== Prompt ==
Exactly the lines from the line containing "Marigold Navrangi Flower" through the final line of the entries below must be returned, and only those, without pictures.

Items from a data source
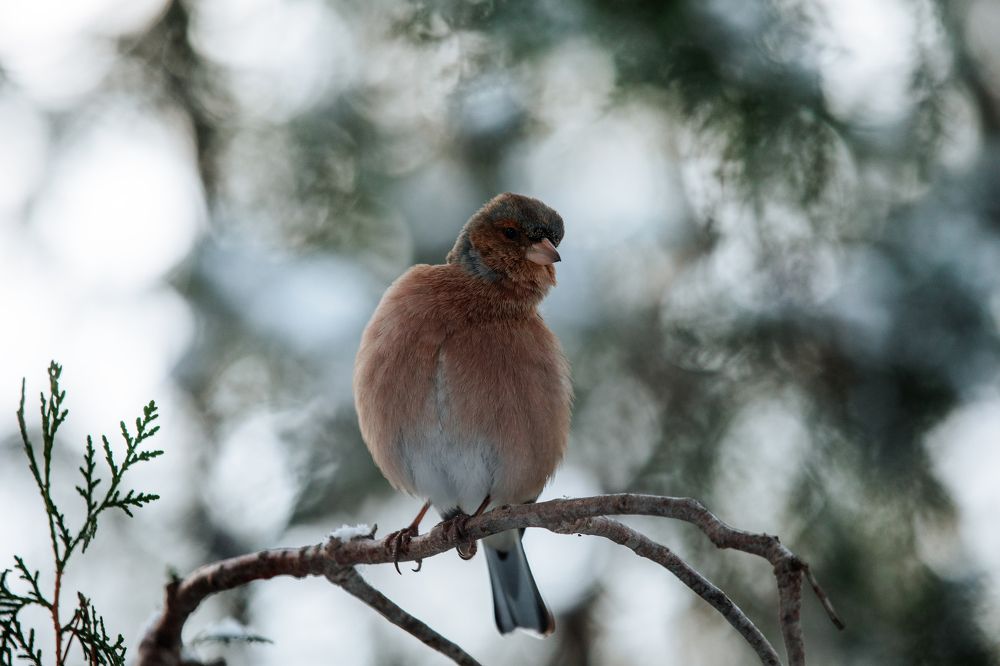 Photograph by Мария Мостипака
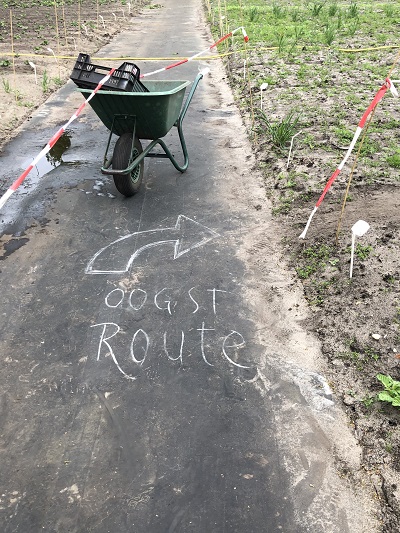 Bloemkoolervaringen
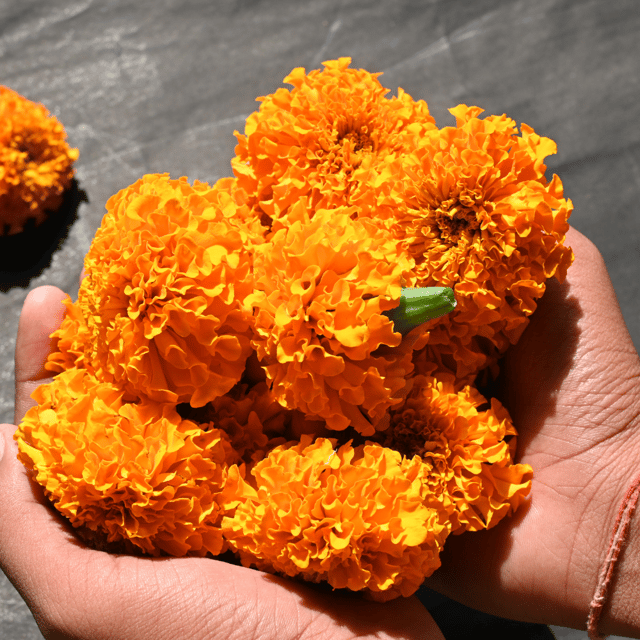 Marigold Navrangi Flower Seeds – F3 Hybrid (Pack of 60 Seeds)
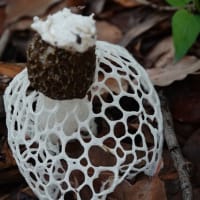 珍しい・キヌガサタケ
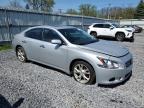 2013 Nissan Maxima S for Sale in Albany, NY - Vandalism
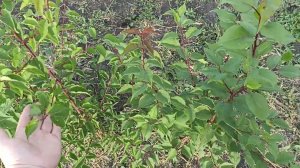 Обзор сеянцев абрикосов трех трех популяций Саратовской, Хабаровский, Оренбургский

== Reply ==
 Marigold Navrangi Flower Seeds – F3 Hybrid (Pack of 60 Seeds)
 珍しい・キヌガサタケ
 2013 Nissan Maxima S for Sale in Albany, NY - Vandalism
 Обзор сеянцев абрикосов трех трех популяций Саратовской, Хабаровский, Оренбургский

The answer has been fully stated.